→ Description of the task:
Write out, from the entries below, exactly the lines that run between the lines holding "Poly VFree 60 UC Earbuds *New 2" and "6666 SW 115th Court 301, Miami, FL 33173", inclusive, and stop there.

→ Given data:
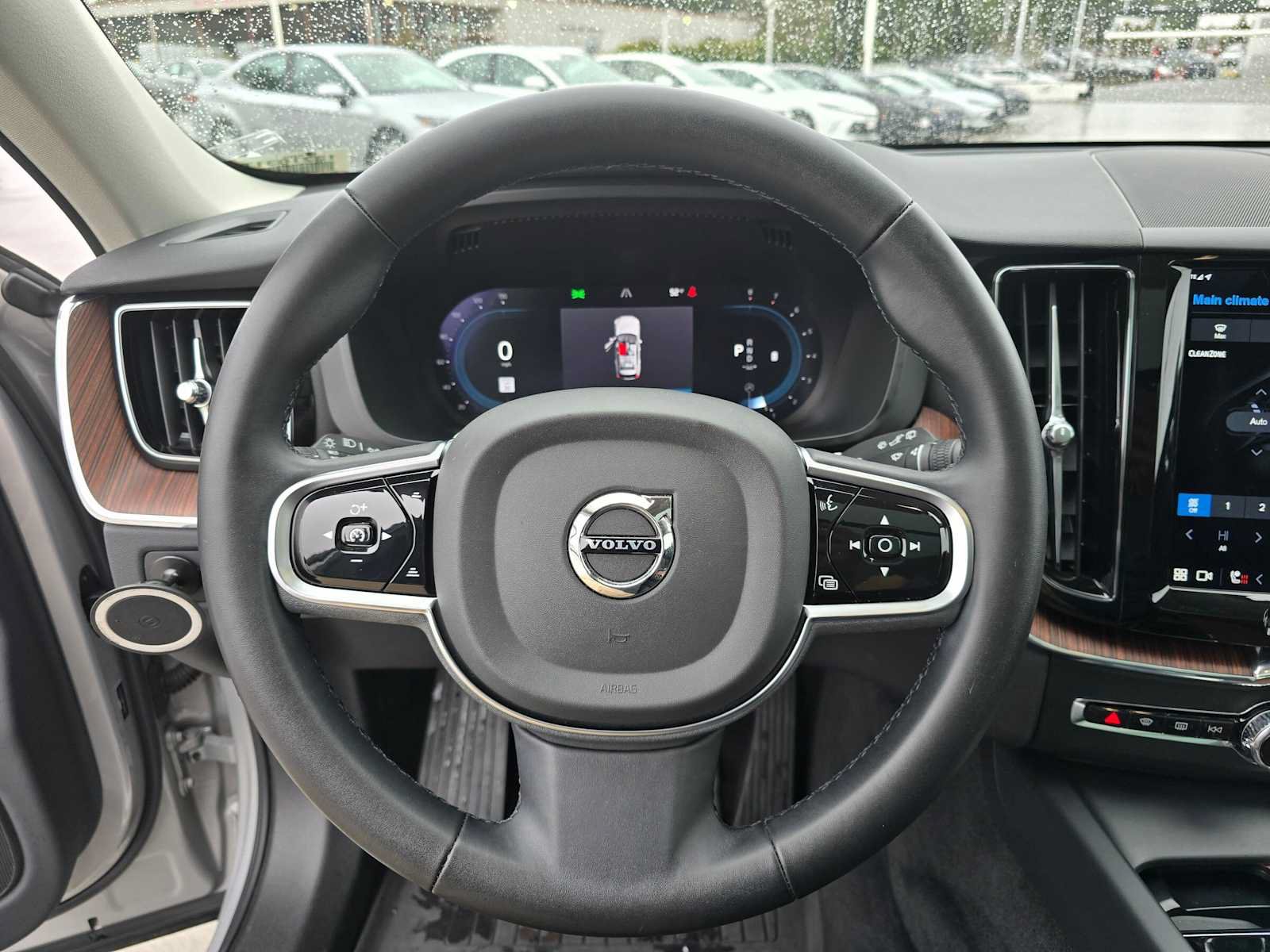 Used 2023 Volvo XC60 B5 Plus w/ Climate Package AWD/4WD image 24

---

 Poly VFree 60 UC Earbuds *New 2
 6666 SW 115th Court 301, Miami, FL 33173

→ Output for this exercise:
 Poly VFree 60 UC Earbuds *New 2
 6666 SW 115th Court 301, Miami, FL 33173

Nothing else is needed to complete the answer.